### Data extracts

────────────────

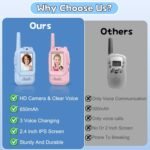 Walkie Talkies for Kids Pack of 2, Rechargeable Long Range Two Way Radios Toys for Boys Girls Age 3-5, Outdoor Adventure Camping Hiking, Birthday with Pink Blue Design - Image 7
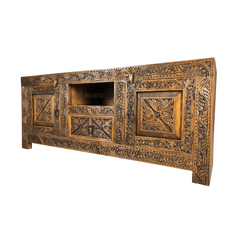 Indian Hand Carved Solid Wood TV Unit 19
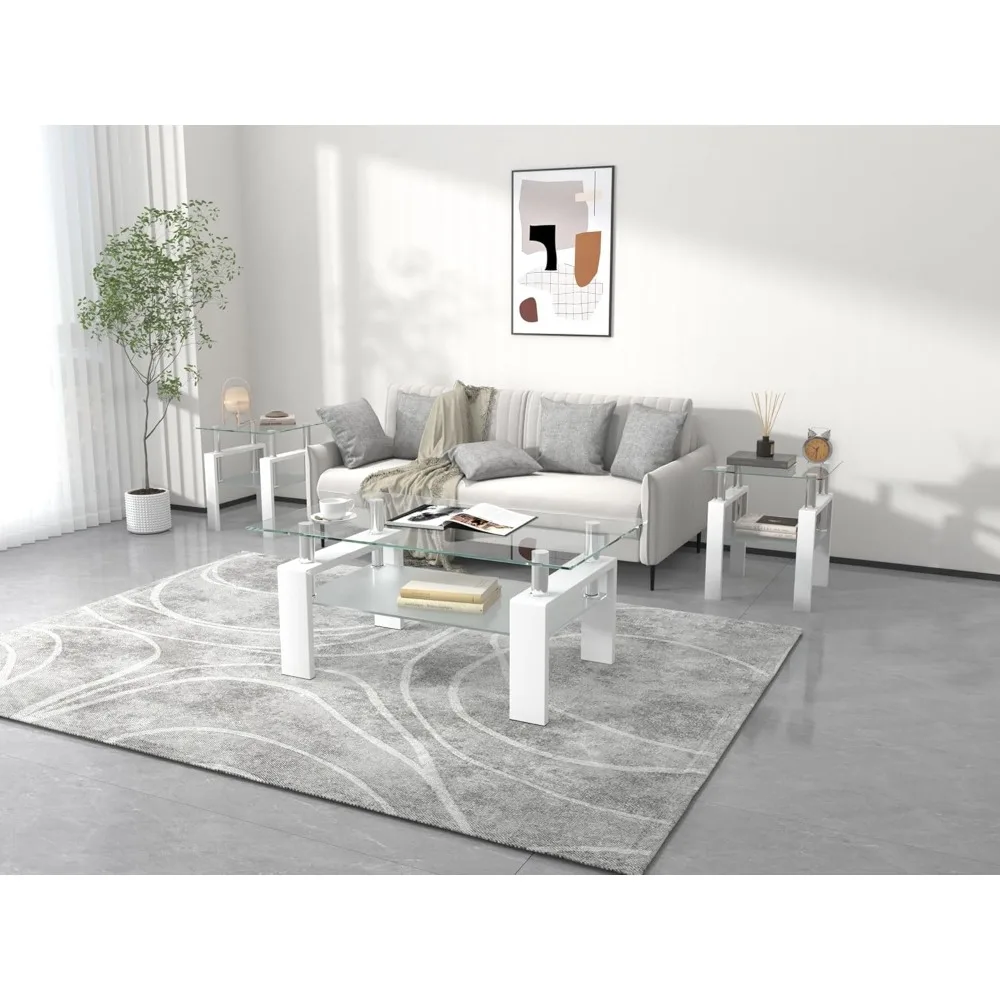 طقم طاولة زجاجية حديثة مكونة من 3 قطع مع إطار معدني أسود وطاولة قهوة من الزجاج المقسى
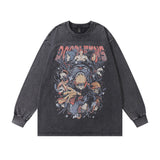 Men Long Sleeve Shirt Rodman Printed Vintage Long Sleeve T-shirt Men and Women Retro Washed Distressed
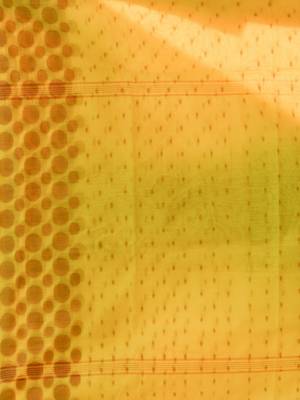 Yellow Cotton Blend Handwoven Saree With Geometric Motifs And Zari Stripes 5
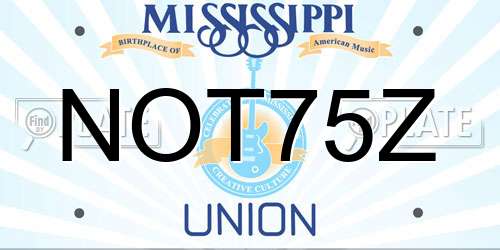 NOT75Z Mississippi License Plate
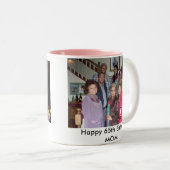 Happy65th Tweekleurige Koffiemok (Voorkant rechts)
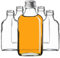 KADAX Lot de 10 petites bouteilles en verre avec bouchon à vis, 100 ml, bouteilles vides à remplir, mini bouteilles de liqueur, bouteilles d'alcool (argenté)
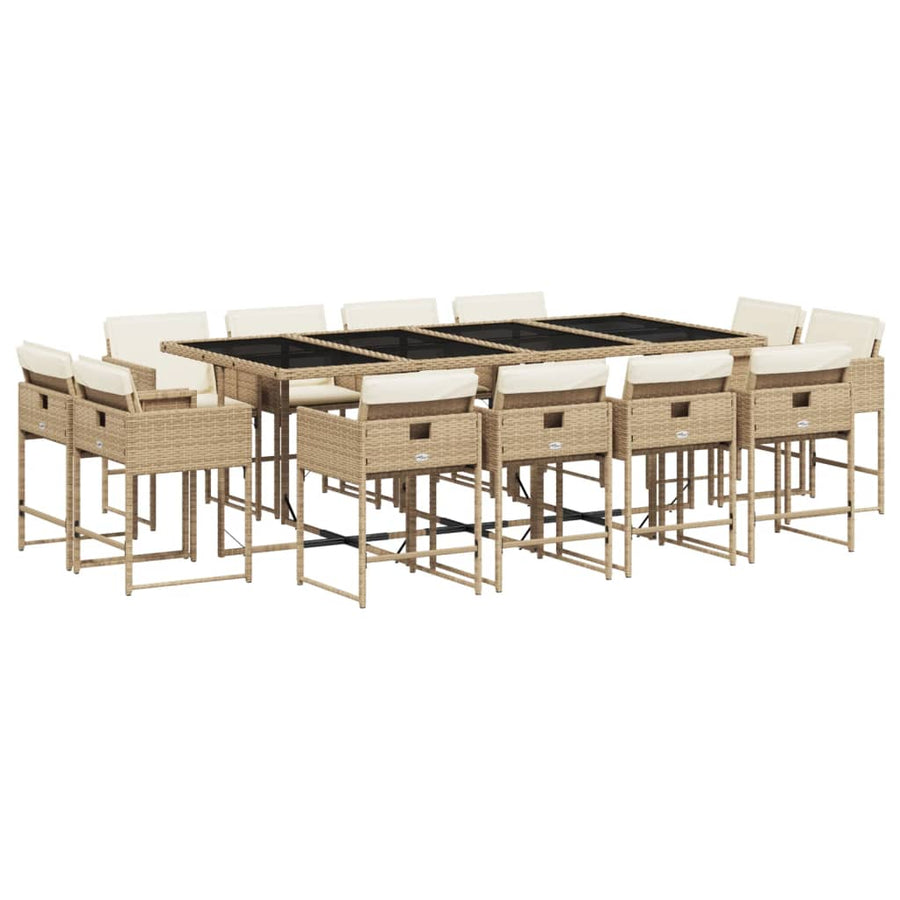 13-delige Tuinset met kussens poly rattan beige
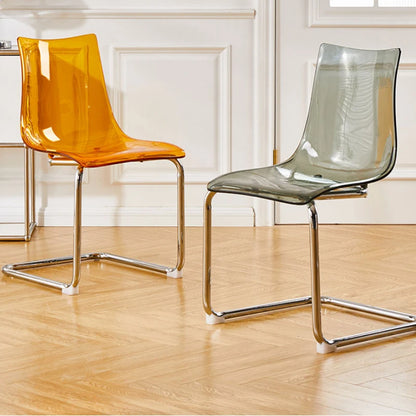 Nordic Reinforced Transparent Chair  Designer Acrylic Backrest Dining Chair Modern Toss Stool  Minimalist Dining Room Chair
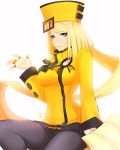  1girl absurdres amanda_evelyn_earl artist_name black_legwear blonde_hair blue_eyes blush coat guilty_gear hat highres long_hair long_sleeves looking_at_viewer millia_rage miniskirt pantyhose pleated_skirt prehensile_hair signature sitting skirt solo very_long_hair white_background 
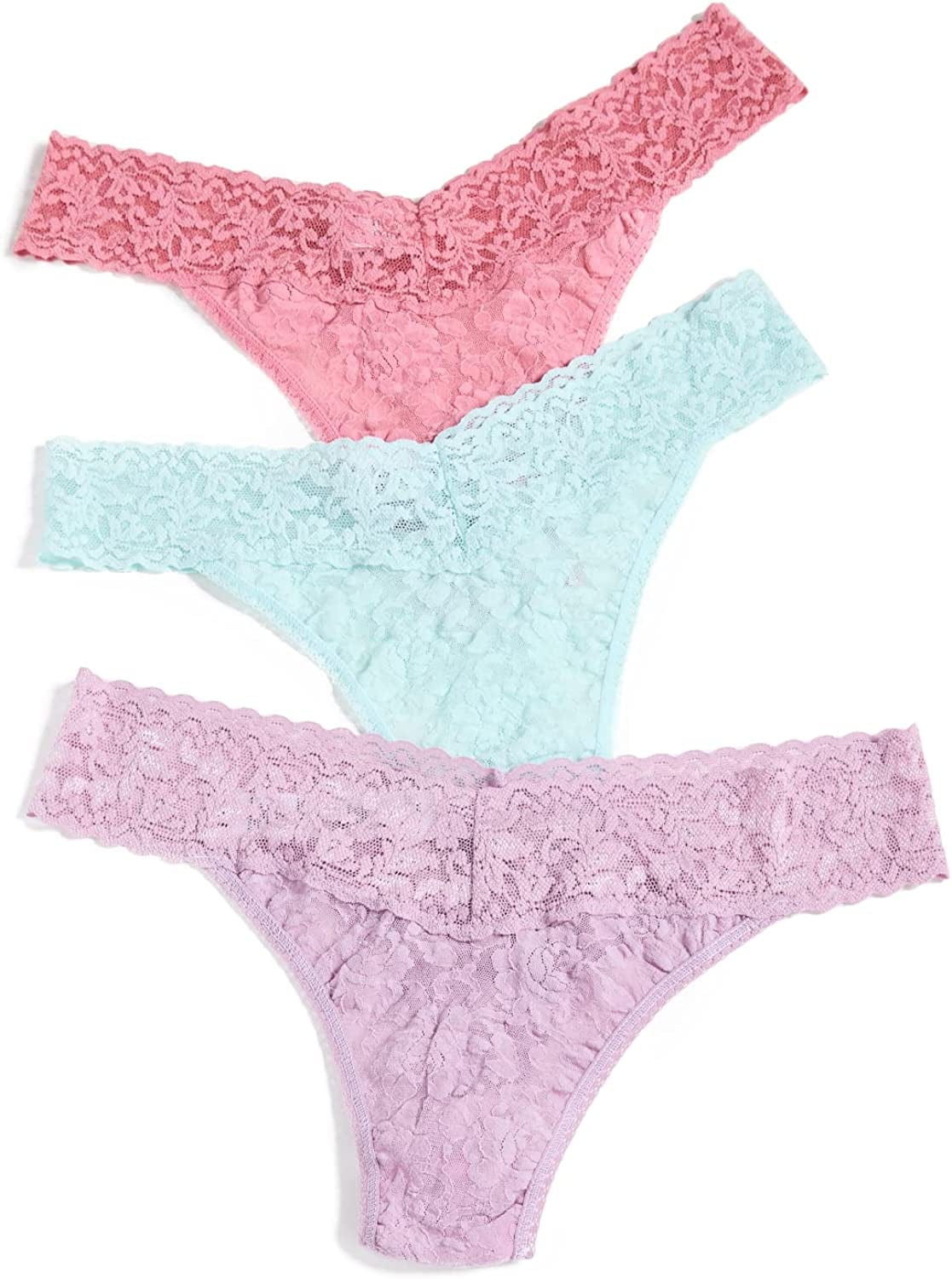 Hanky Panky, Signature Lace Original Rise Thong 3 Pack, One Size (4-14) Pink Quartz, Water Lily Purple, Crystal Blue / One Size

────────────────

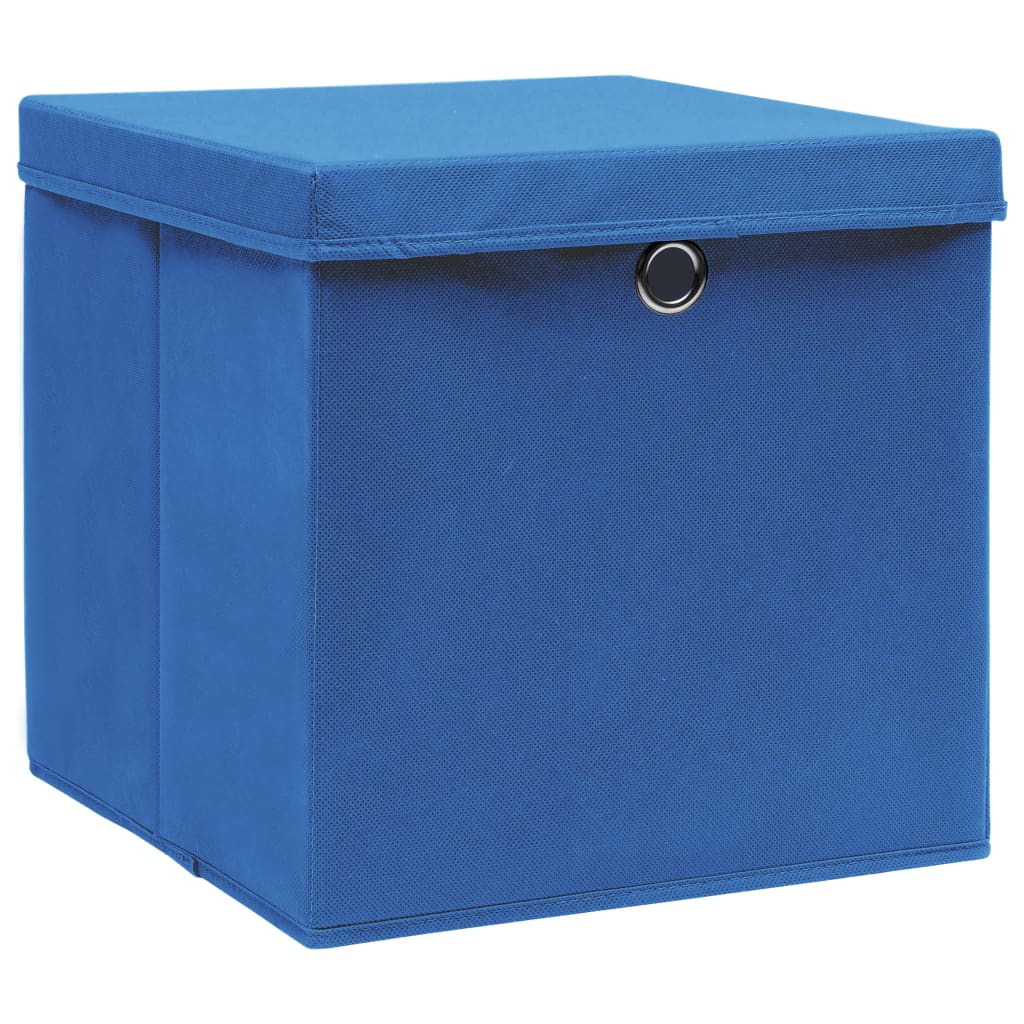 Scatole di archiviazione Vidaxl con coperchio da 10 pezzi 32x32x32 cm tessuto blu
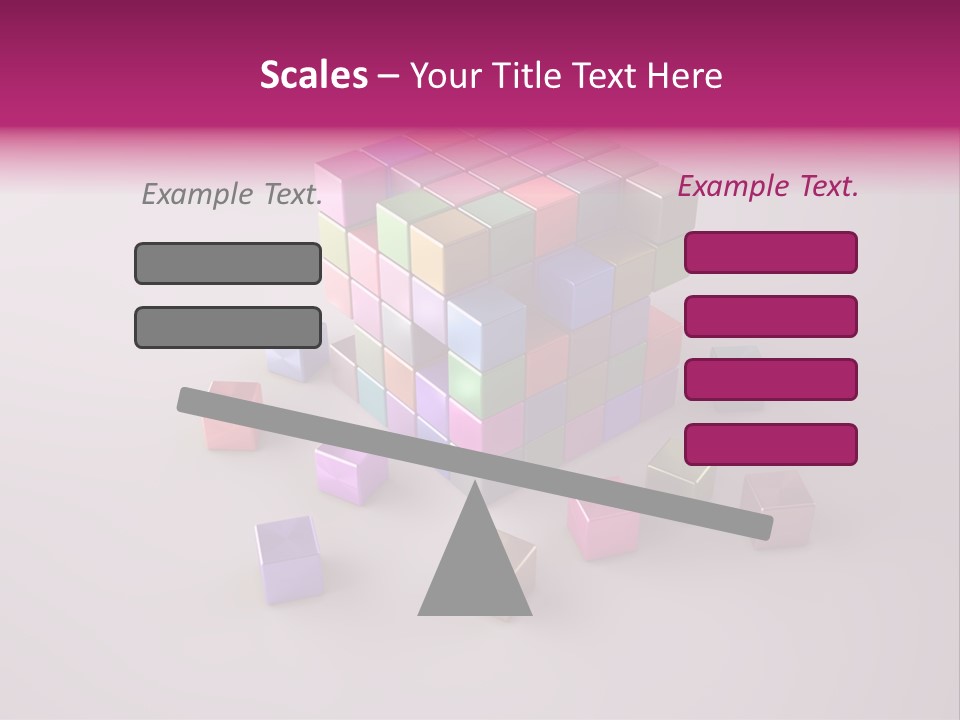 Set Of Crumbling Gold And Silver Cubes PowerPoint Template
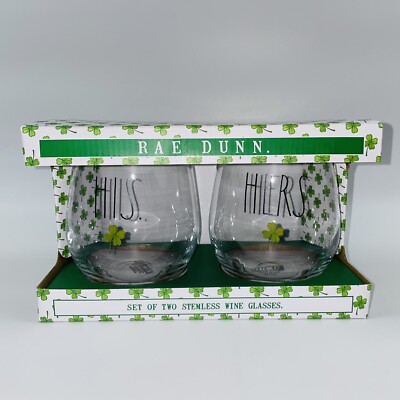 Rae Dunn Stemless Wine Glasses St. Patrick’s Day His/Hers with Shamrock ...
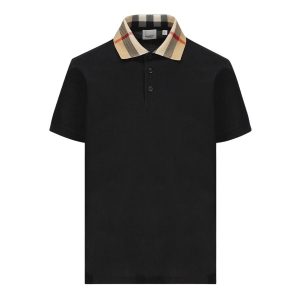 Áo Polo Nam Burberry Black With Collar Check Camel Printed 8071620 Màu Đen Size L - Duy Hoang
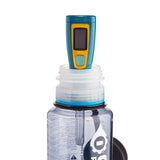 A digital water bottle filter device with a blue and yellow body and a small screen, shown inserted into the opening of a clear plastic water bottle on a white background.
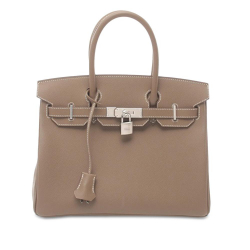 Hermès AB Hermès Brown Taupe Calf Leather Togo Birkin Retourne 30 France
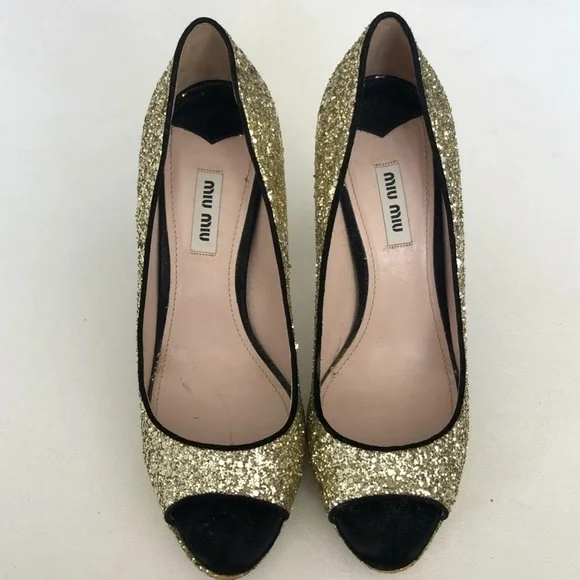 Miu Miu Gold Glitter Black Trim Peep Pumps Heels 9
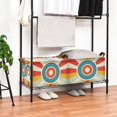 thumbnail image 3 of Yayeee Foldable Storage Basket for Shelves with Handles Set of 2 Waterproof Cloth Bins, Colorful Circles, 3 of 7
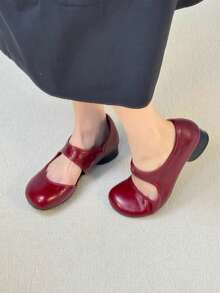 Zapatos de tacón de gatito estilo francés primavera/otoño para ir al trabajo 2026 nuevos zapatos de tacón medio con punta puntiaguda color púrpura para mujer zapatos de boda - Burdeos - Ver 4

────────────────

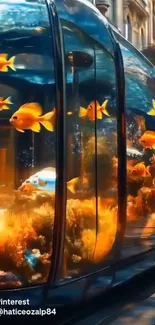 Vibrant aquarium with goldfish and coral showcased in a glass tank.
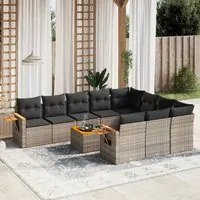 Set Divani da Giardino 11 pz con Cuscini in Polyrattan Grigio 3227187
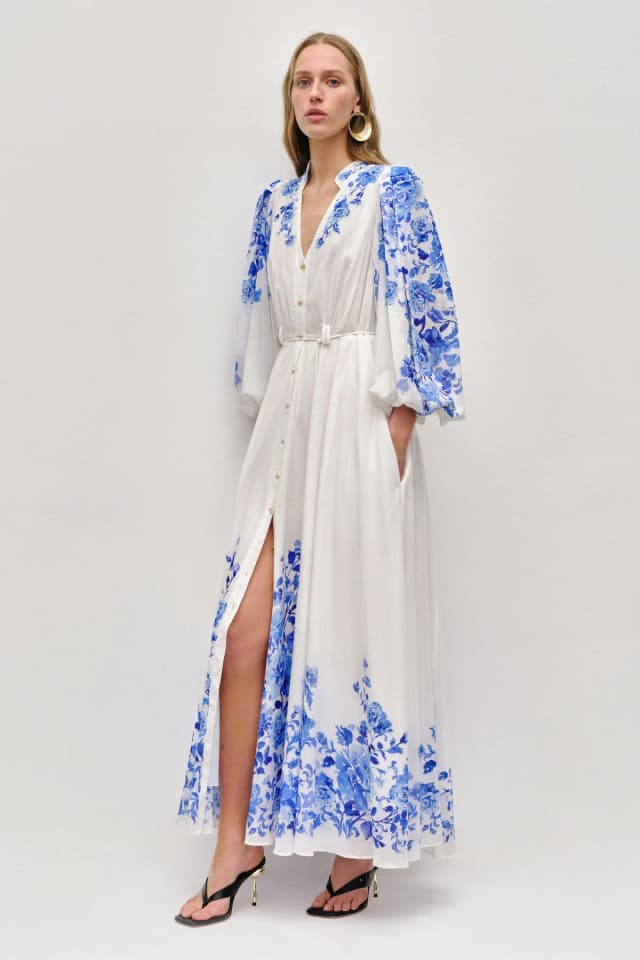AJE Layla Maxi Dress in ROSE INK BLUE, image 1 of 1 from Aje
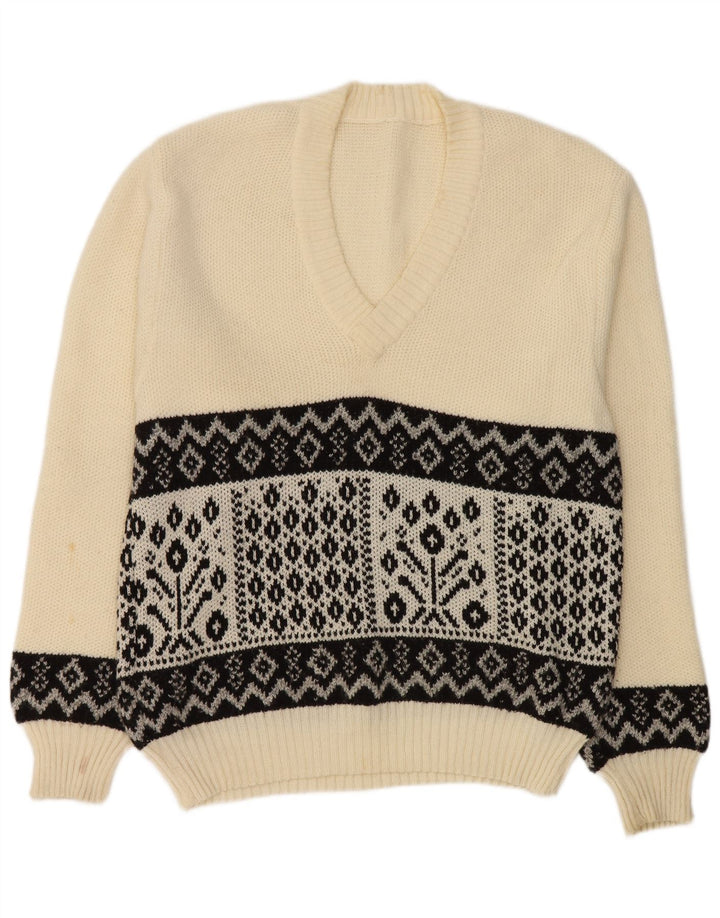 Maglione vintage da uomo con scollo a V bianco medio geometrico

────────────────

### Assignment
Line for line, output the entries above from the line with "Set Of Crumbling" to the line with "Zapatos de tacón de", both included, and nothing more. Skip pictures.

### Answer space
 Set Of Crumbling Gold And Silver Cubes PowerPoint Template
 Rae Dunn Stemless Wine Glasses St. Patrick’s Day His/Hers with Shamrock ...
 Áo Polo Nam Burberry Black With Collar Check Camel Printed 8071620 Màu Đen Size L - Duy Hoang
 A digital water bottle filter device with a blue and yellow body and a small screen, shown inserted into the opening of a clear plastic water bottle on a white background.
 Hermès AB Hermès Brown Taupe Calf Leather Togo Birkin Retourne 30 France
 Miu Miu Gold Glitter Black Trim Peep Pumps Heels 9
 thumbnail image 3 of Yayeee Foldable Storage Basket for Shelves with Handles Set of 2 Waterproof Cloth Bins, Colorful Circles, 3 of 7
 Zapatos de tacón de gatito estilo francés primavera/otoño para ir al trabajo 2026 nuevos zapatos de tacón medio con punta puntiaguda color púrpura para mujer zapatos de boda - Burdeos - Ver 4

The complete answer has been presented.